THE INPUT -
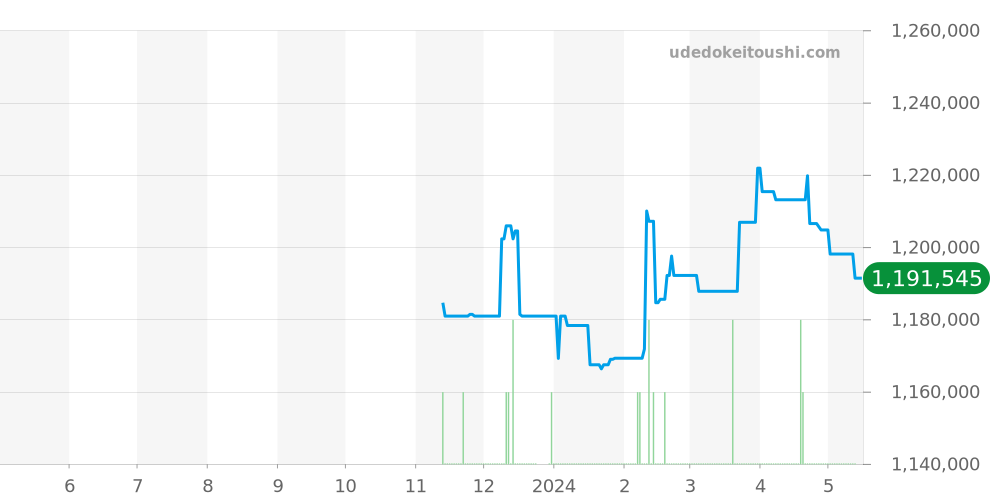 PAM01391 - オフィチーネパネライ サブマーシブル 価格・相場チャート(平均値, 1年)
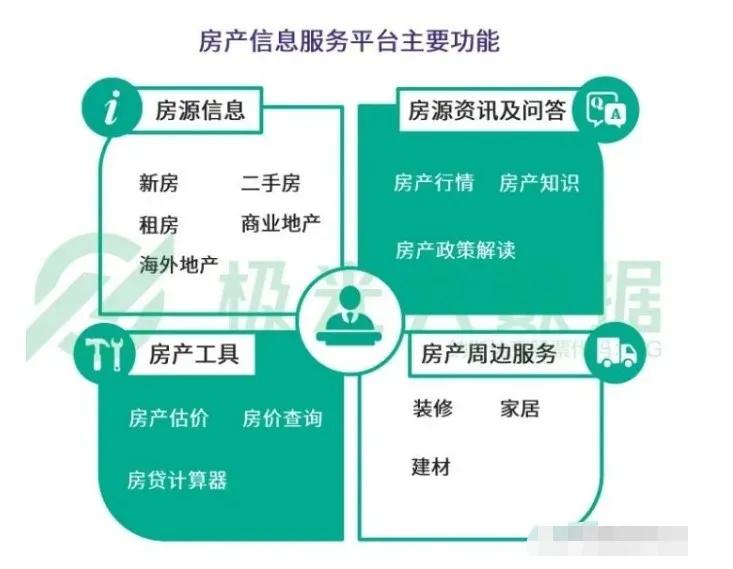 马云杀入房地产,马云说房地产市场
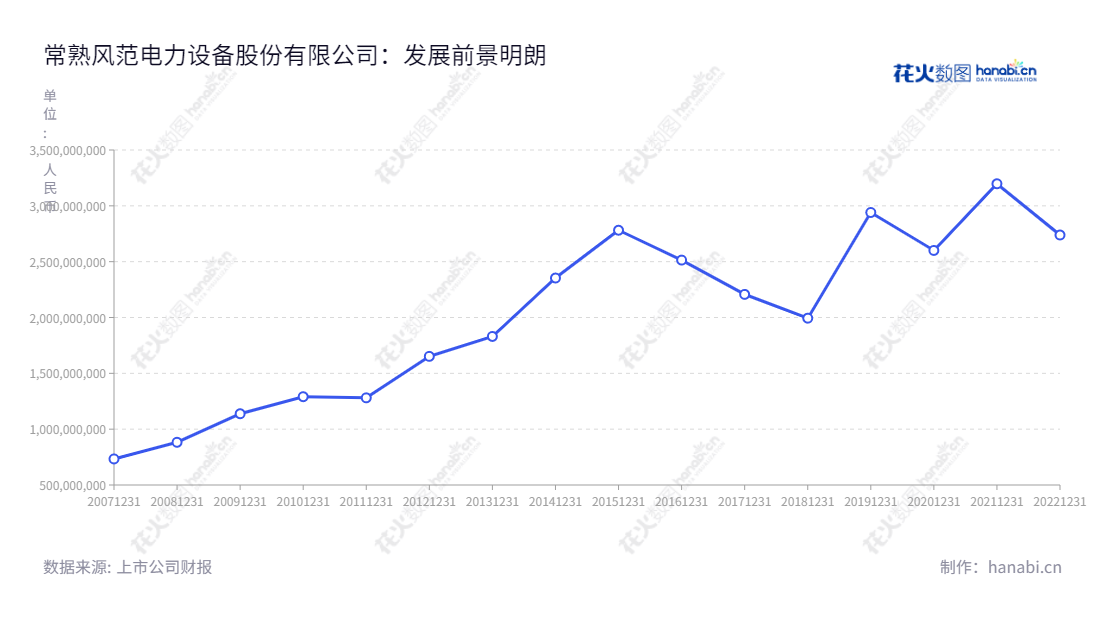 常熟风范电力设备股份有限公司（601700）主营业务为输电线路铁塔、变电构支架、通讯铁塔的研发、生产及销售，最近十年的营业总收入持续增长，业绩一直保持良好。,"601700","风范股份","Fengfan","范立义","范立义","国证2000","国证Ａ指","信息设计","数据可视化","数据视频","数据分析","数可视","BI","花火数图","基础折线图","营业收入","上市公司"
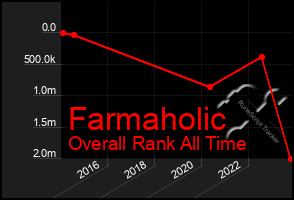 Total Graph of Farmaholic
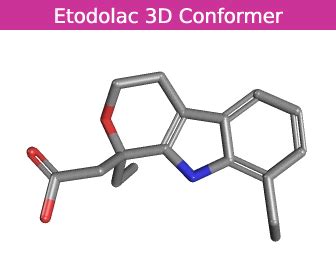 Etodolac ATC Code: M01AB08 - Active Ingredient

AIM OF THE TASK -
The records above must be printed exactly; the pictures stay out.

EXERCISE ANSWER -
 PAM01391 - オフィチーネパネライ サブマーシブル 価格・相場チャート(平均値, 1年)
 马云杀入房地产,马云说房地产市场
 常熟风范电力设备股份有限公司（601700）主营业务为输电线路铁塔、变电构支架、通讯铁塔的研发、生产及销售，最近十年的营业总收入持续增长，业绩一直保持良好。,"601700","风范股份","Fengfan","范立义","范立义","国证2000","国证Ａ指","信息设计","数据可视化","数据视频","数据分析","数可视","BI","花火数图","基础折线图","营业收入","上市公司"
 Total Graph of Farmaholic
 Etodolac ATC Code: M01AB08 - Active Ingredient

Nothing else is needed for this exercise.